# Need advice



## AnnRains (Oct 16, 2013)

My husband moved back home after a long seperation and now we are falling apart again. I just cant leave the past in the past. We have both made some serious mistakes and decided to try again but due to a break down on my part which I felt was well deserved he now is sleeping on the couch for the last week, wants nothing to do with me, says I annoy him. He says he has given up and has no faith in me. He wont talk about our relationship at all. But it is consuming me, it is all I think about. Do I just leave it alone and hope it gets better? We have been married for 17 years and have 3 children together. There is alot at stake here. I have vowed to leave the past in the past, I know that I have to forgive him if I want this to work. But what do I do for right now, his alienation is killing me. I feel so lost and confused, I just want my family back.


----------



## rabbislatkin (Sep 23, 2013)

You mentioned having a breakdown and that you felt it was "justified". What does that mean? Whatever it was that you did, how do you think that could be pushing him away? 

Pressuring him might turn him the other way, and while it can be good to give him his space, you'll want to start figuring out ways to show him that you care and that you really want to be in relationship. 

A relationship can change and transform if you're willing to commit to it. You mentioned that you have a lot at stake, and that alone is worth committing to make this relationship work, if not for you than for the sake of the children. Find ways to love him again. Think about what made you fall in love in the first place, spend your time focusing on having positive experiences as opposed to negative ones. Take some time to put positive energy back into your relationship and you may even want to take a breather from talking about your long time complaints.

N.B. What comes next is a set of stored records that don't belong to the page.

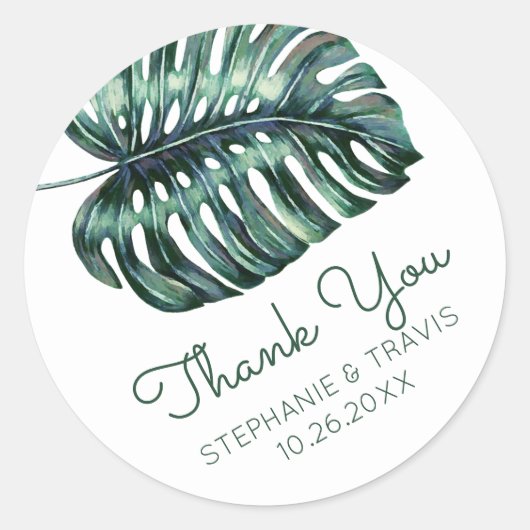Monstera Palm Leaf Tropical 結婚'S Thank You ラウンドシール (正面)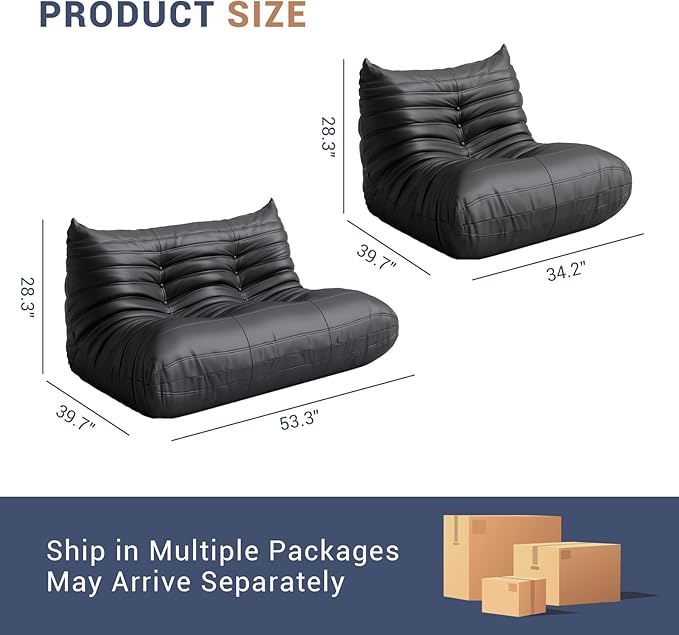 Fireside Chair Lazy Floor Sofa Set, Cozy Memory Foam Bean Bag Chairs, Faux Leather Giant Bean Bag Chair Sofa, Armless Foam Couch Lounger Tatami Recliner for Living Room Bedroom Dorm Office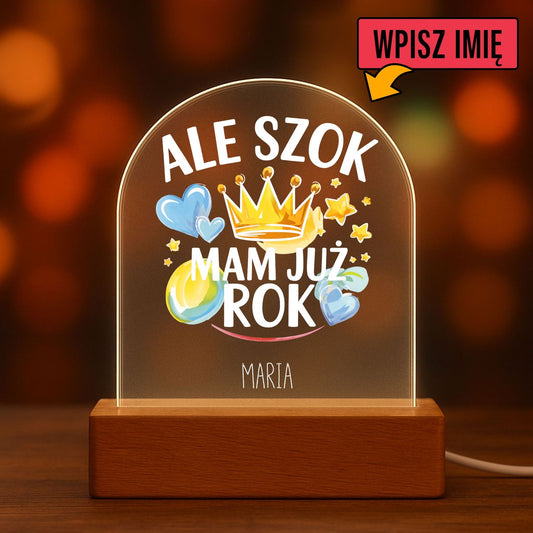 Personalizowana Lampka LED Ale Szok – Mam Już Rok! z Imieniem – Prezent Na 1. Urodziny Dziecka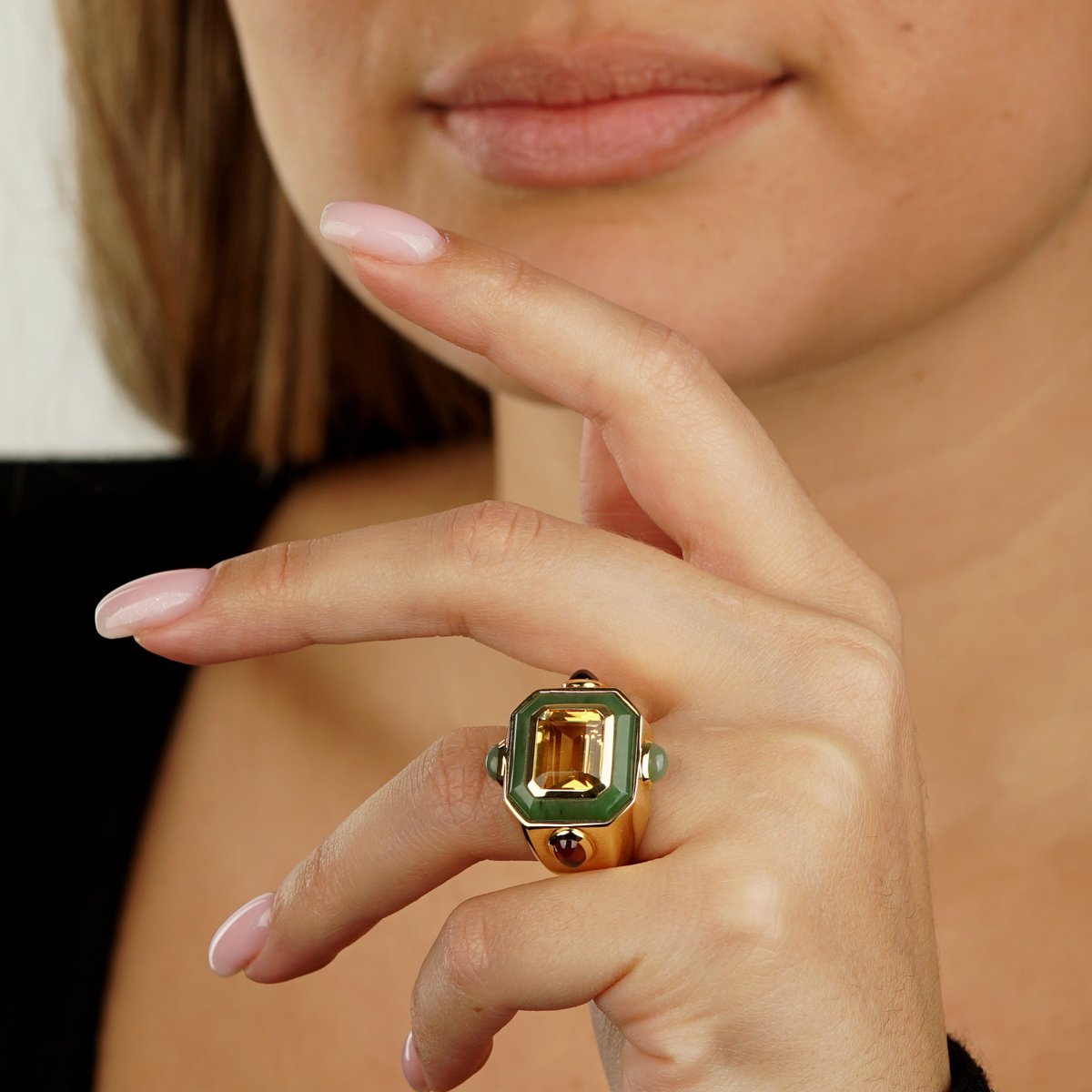 Chanel Citrine Jade Gold Yellow Gold Cocktail Ring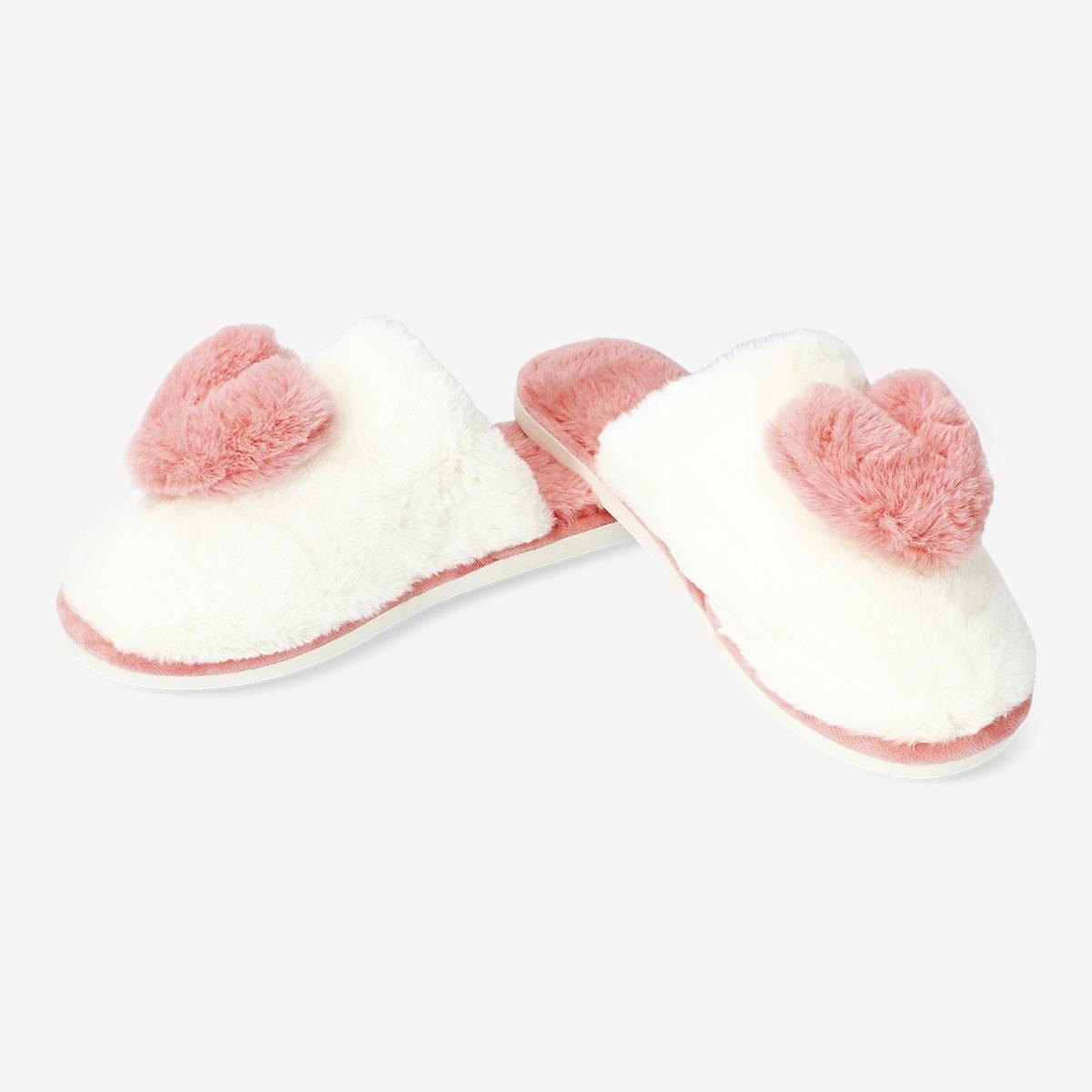 Multicolour big plush hearts slippers - 36/38
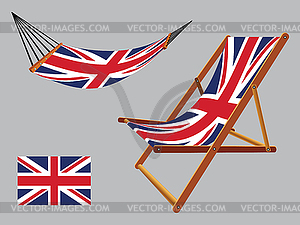 United kingdom hammock and deck chair - vector EPS clipart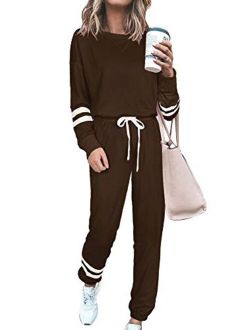 SIEANEAR Womens 2 Pieces Long Sleeve Loungewear Sweatsuit Sets Crewneck Outfits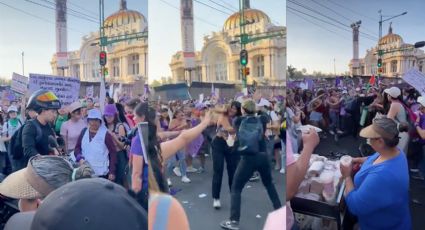 Motociclista se trenza a golpes contra mujeres en manifestación | VIDEO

There's a book you may want to consider reading called How to Improve your Marriage without Talking About It, by Dr. Patricia Love which can help you to be able to focus positively on your relationship. Wishing you much success!


----------



## AnnRains (Oct 16, 2013)

Thank you


----------



## AnnRains (Oct 16, 2013)

I had a meltdown, he mentioned that he felt lost being home and I took it the wrong way, I acted horribly. like a child. I didnt listen. I yelled and threw things and said horrible things that I shouldnt have. Things that I cant take back. The more I talk, the further it pushes him away.


----------